### Record extracts
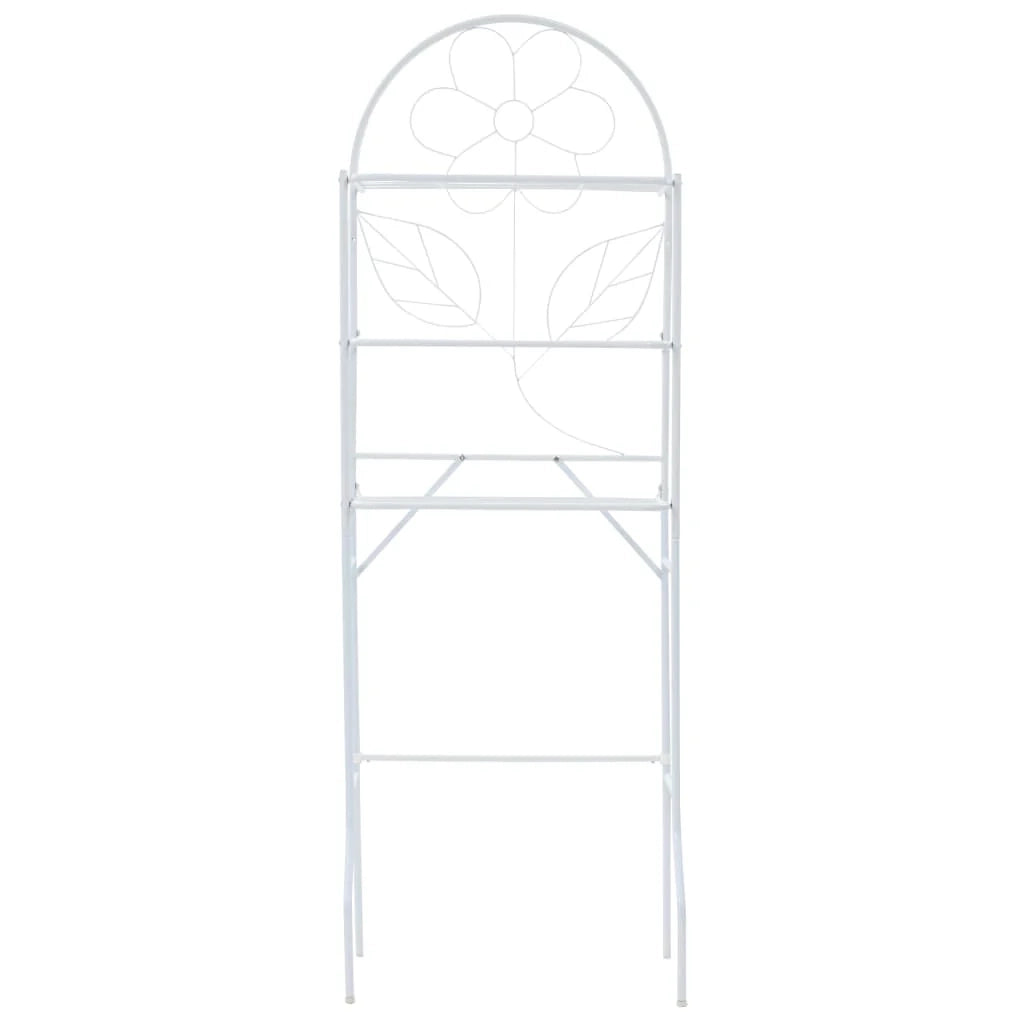 Mensola da bagno 60 x 33 x 174 cm bianco 02_0000683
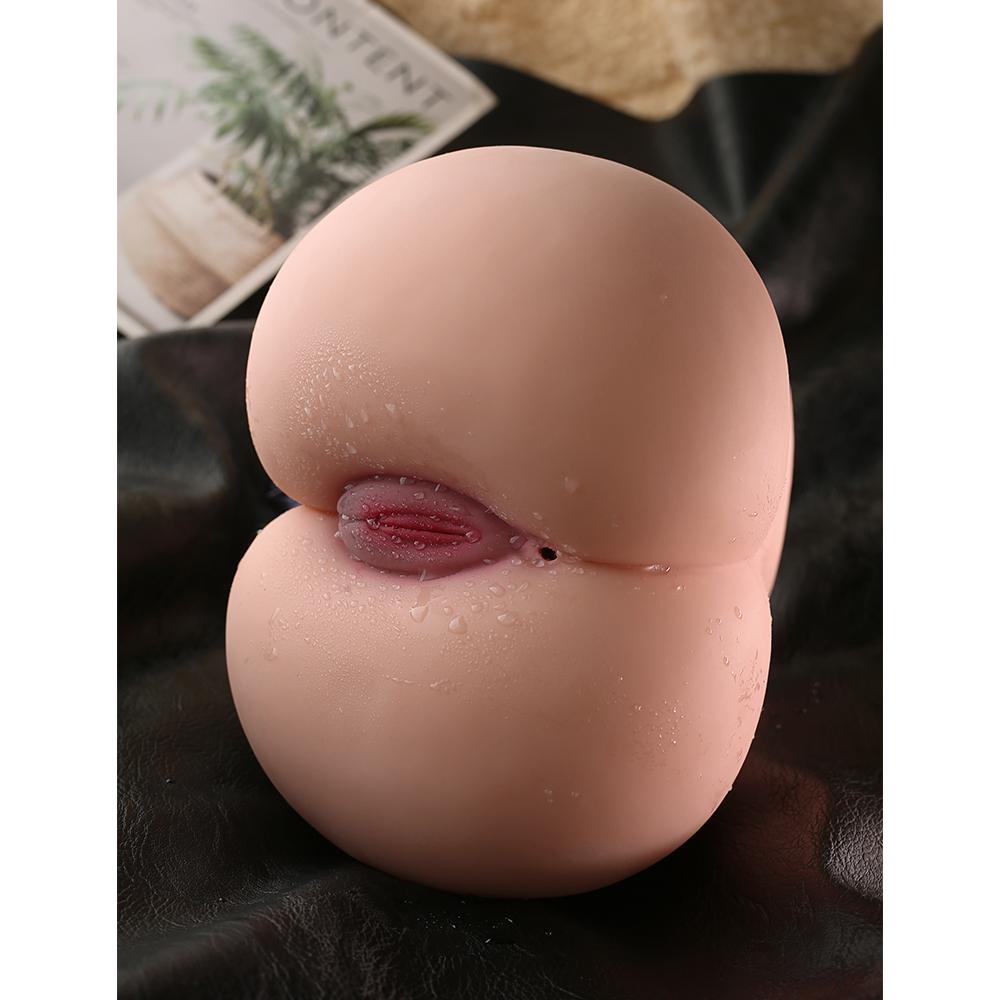 2KG Realistic Hip Masturbator for Men - 2 Hole Design (Deep Vagina & Tight Anal) with 3D Lifelike Pussy and Ass&Ultra-Realistic Sex Doll Hip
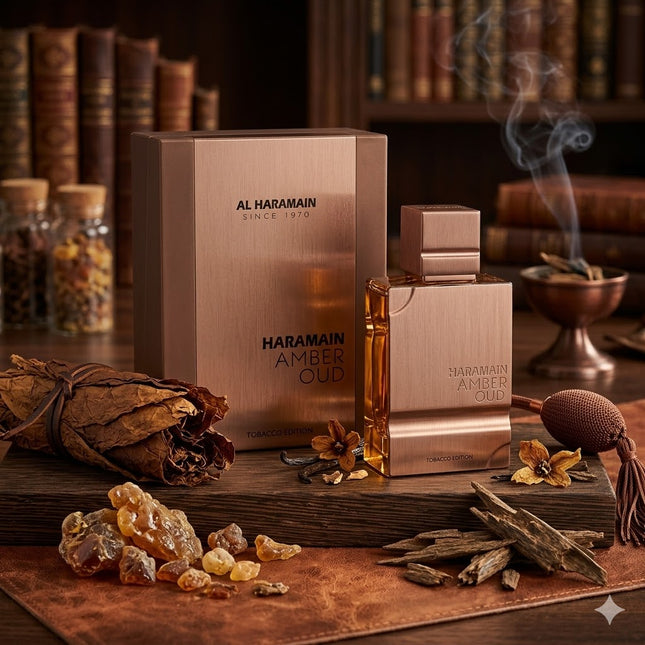 Al Haramain Amber Oud Tobacco Edition Eau de Parfum 100 ml – Tabaco especiado, quente e elegante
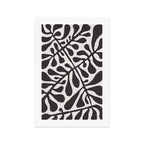 Linocut Plant #2 / Black & White Art Print Gallery Image 1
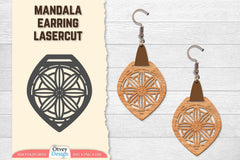 Earring Mandala Lasercut SVG Bundle 67 - CraftNest - Digital Crafting and Art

### Problem to work on
For this exercise, return the material word for word and drop each image.

### Exercise response
 Mensola da bagno 60 x 33 x 174 cm bianco 02_0000683
 2KG Realistic Hip Masturbator for Men - 2 Hole Design (Deep Vagina & Tight Anal) with 3D Lifelike Pussy and Ass&Ultra-Realistic Sex Doll Hip
 Al Haramain Amber Oud Tobacco Edition Eau de Parfum 100 ml – Tabaco especiado, quente e elegante
 Linocut Plant #2 / Black & White Art Print Gallery Image 1
 Earring Mandala Lasercut SVG Bundle 67 - CraftNest - Digital Crafting and Art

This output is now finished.